What's unusual about these bus lines is that they have very simple routes – along the lines to Washington to Baltimore to Philadelphia to New York to Boston. Not hard to figure out. They also have new buses with bathrooms and Wi-Fi and they leave from convenient street corners and parking lots, not dingy bus terminals in downtrodden parts of town. Many offer reserved seating, movies, snacks, power outlets for your laptops and gadgets and group plans.
Low cost
But what's really unusual about these new buses is the fares. They're a fraction of the cost of train or air travel and they're about half the cost of driving, where one faces stiff tolls on major highways, bridges tunnels and whatever else our starving states can dream up.
Here's a sample of fares for next-day travel from DC to New York:
$21.00 | |
$20.00 | |
$21.00 | |
$30.00 |
(Fares change constantly depending on demand. Your results may vary.)
At ConsumerAffairs.com, we're quite familiar with all these bus lines. Our associates take them regularly between Washington and New York and strongly prefer them to the train, cost notwithstanding. It's a little hard to say why, except that they are somehow "cool" while the train is just, well, a train full of old guys in suits while the buses tend to be a younger hipper crowd of students, budding politicos and would-be Wall Street moguls.

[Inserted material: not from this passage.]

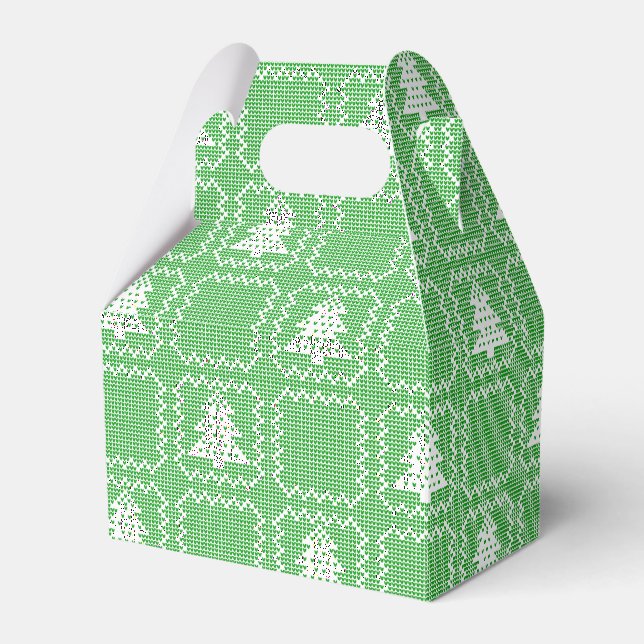 Cosy Christmas tree ugly sweater chequered pattern Favour Box (Front Side)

Depending on traffic, the trip takes about four and a half to five hours. The Amtrak Accela takes about three hours if it doesn't break down. A regional Amtrak takes about three and a half to four, assuming nothing goes wrong.
Who did this?
So what politician should we be hoisting on our shoulders to celebrate this innovation in travel? Well, frankly, you'd have to go to Plains, Georgia if you wanted to thank the person who made the wheels of the bus go round and round, for it was under Jimmy Carter that the old Interstate Commerce Commission (ICC) was abolished and travel was basically – gasp! -- deregulated.
Yep. A few decades ago you couldn't just buy a bus and start hauling people around. You still can't of course. There are safety regulations to meet, licenses to get and so forth but once you have all that, you don't need anyone's permission to begin serving the DC-New York route – or the Ames-Keokuk route for that matter.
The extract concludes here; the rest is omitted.